Use and lose
Alan Judd
For sufferers of compulsive car buying syndrome there are few more mortifying marks of decay than the discovery that one can no longer read Exchange & Mart or Autotrader with ease. I've kidded myself for years that there was a plot to print successive editions of the A-Z in diminishing type, but I know that's not the case with the car mags. For one who could once spot bargains in the other man's Exchange & Mart from the far side of Hyde Park, this is a sad decline.
It's particularly sad now because car prices are diminishing almost as rapidly as my ability to read them. This is usually attributed to such factors as cheaper private imports, the 'high' pound, worldwide over-production, Internet selling and the advent of sell 'em cheap, sell 'em fast car supermarkets. But it's surely also because we're all getting richer. Many of the buyers of new or nearly new cars are the people who, ten or 20 years ago, would have been scrabbling for telephone money outside stations to get directions to the house, hoping the banger hadn't meanwhile been sold to someone who'd got a lift. The result is that there's never been a better time to buy a cheapie. The question is why we ever buy anything else.

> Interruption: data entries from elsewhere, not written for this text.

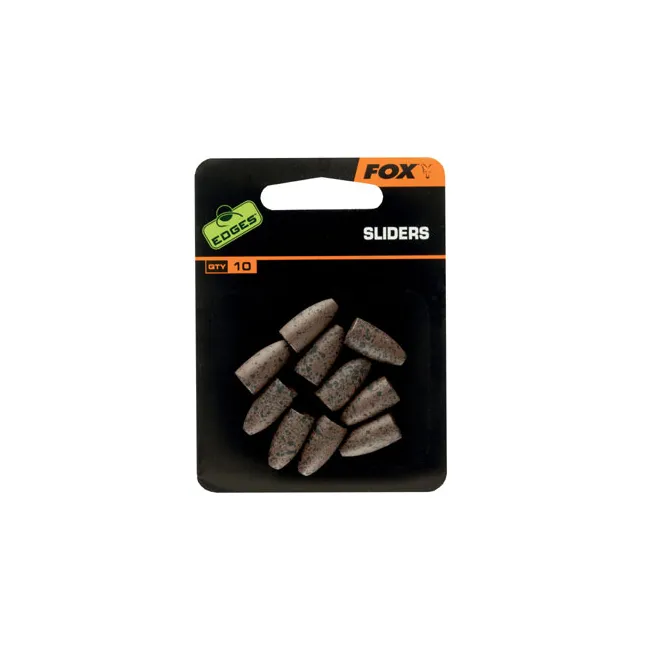 Plumb Fox EDGES™ Sliders, 10buc/pachet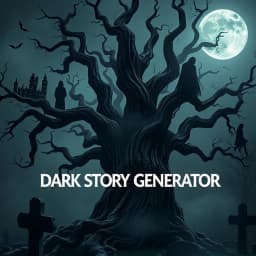 Dark Story Generator icon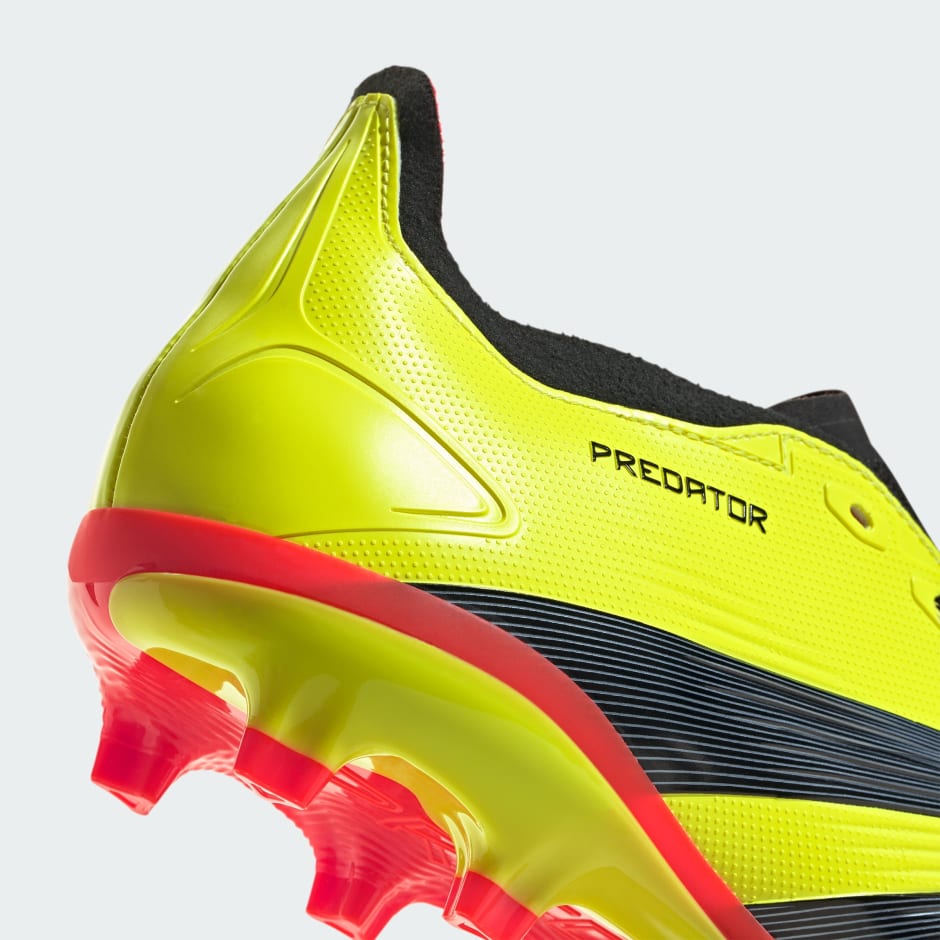 Predator League Firm Ground Football Boots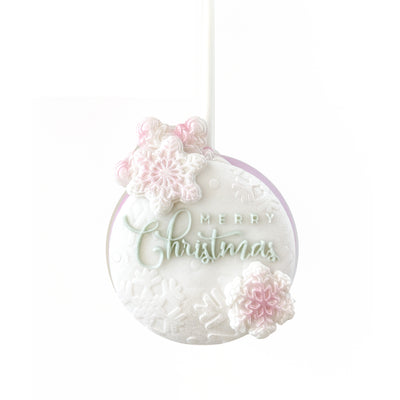 Pop Up Message, Merry Christmas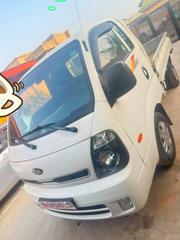 Kia Bongo 2012 White for sale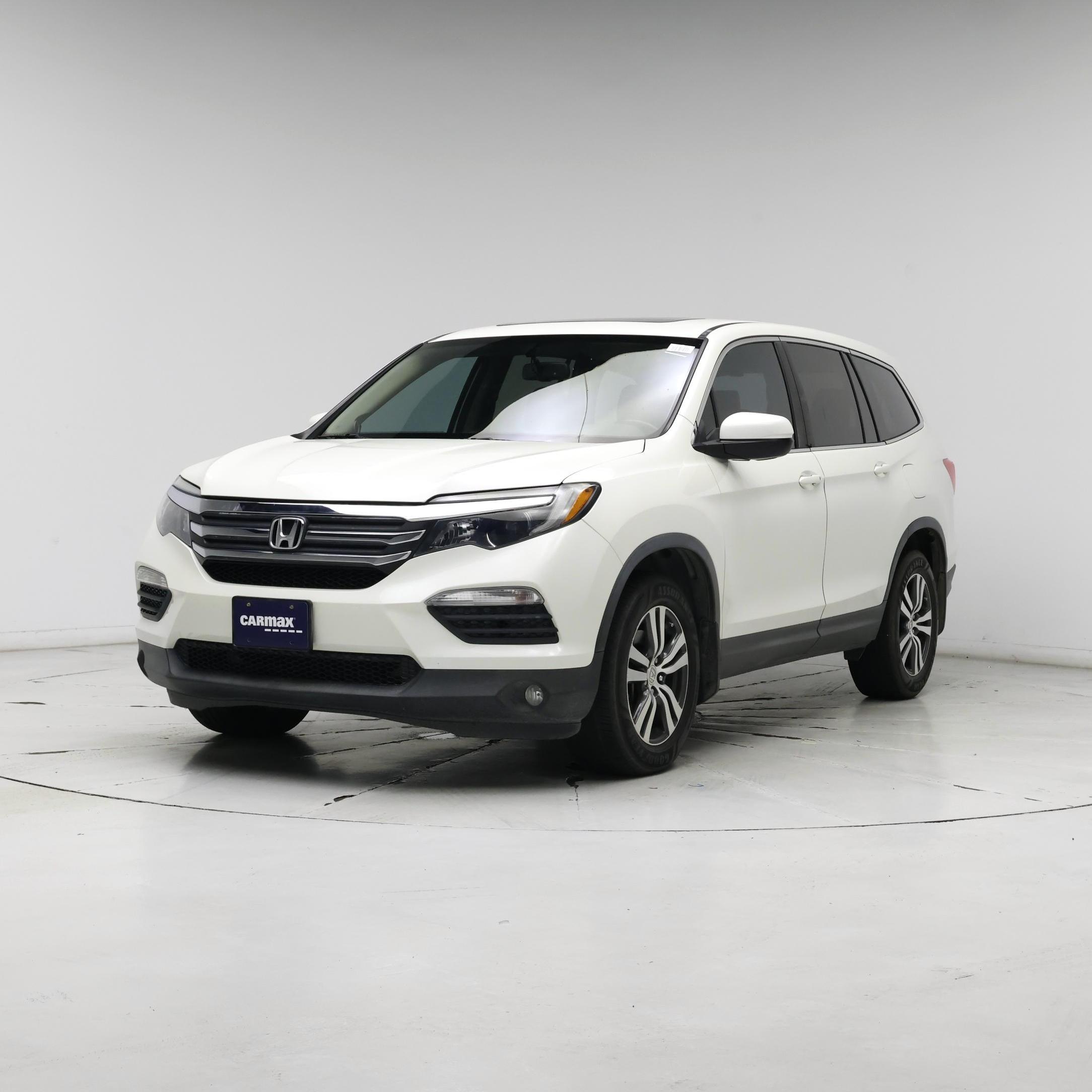 Thumbnail: 2018 Honda Pilot - 4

Consider the figures. You pay £22,260 for a new Volvo V70 estate, base model. Doubtless a very good car, reliable, safe, air-conditioned and with performance and handling that could only be dreamt of in older Volvos. If you're intending a high mileage you might want all those qualities and accept the almost penal levels of depreciation that come with new cars. There are no precise figures for the V70s yet, but if they depreciate at roughly the rate of other Volvos you should be left with round about 35 per cent of purchase price after three years or 30,000 miles (which ain't that many). Thus, the motor trade would value your three-year-old at about £8.000, which represents a monthly depreciation of about £388. Add to that the costs of servicing, replacements (tyres etc.), new car insurance and a possible loan and you're looking at £400-500 a month. That's a mortgage for many people.
Now suppose you don't do a high mileage, that your Volvo is used mainly for local potterings, the occasional long trip and the general load-lugging that inevitably comes your way when you've got a car that will do it. And suppose you're not too fussy about having the latest model or registration. In that case, £300 would buy you a 1986 240 Volvo estate that I know of, with a full Volvo service history, no known rust, 108,000 miles on the clock. full MOT and a full-length roof-rack. It takes unleaded petrol, needs only cheap third-party insurance and would do all that your new Volvo would — though not as comfortably and not as rapidly — for at least a year and for well under what the new one would cost you every month. There's no reason why it shouldn't last another 50-100,000 miles. All cars need repairs or replacements at some time, of course, and if it needed anything expensive — well, you simply chuck it. If you can't find anyone who wants it, it might cost you up to £50 to dispose of responsibly. And then you buy another. If each one lasted only a month you'd still be quids in. If it lasts a year or more you'd be laughing at your neighbour every time he took his new one out of his drive.
Or — edging Autotrader closer to the light — if it's just a runabout you want, why not a 50,000 mile, 1982 Metro, full MOT, recent tyres and service for £170? Or for the weekly motorway cruise to your country cottage, how about a 1991 Granada with all the bits, full Ford history, one lady owner, 100,000 miles and condition described as 'immaculate' for £300 or near offer? Or a cheap-to-run red Fiat Panda for £395 (from a dealer, so you've got some comeback)? Or — at the top end of the cheapie market — a smart 1989 Golf Gti with full history and fewer than average miles for £1,500, or a 1985 Porsche 924 for £5 less? To get an idea of the value of these useand-lose cars, look at what you've paid for recent services — or a new set of tyres or catalytic converter — on your modern equivalent. And then, if you dare, calculate depreciation.
But most of us won't change our buying habits. We like newness, smartness, status and the safety and comfort that comes from knowing we've got the best we can. Also, if we've got the money, we usually get more pleasure from spending it than saving it. Just as well, really; it keeps cheapies cheap for we meanies.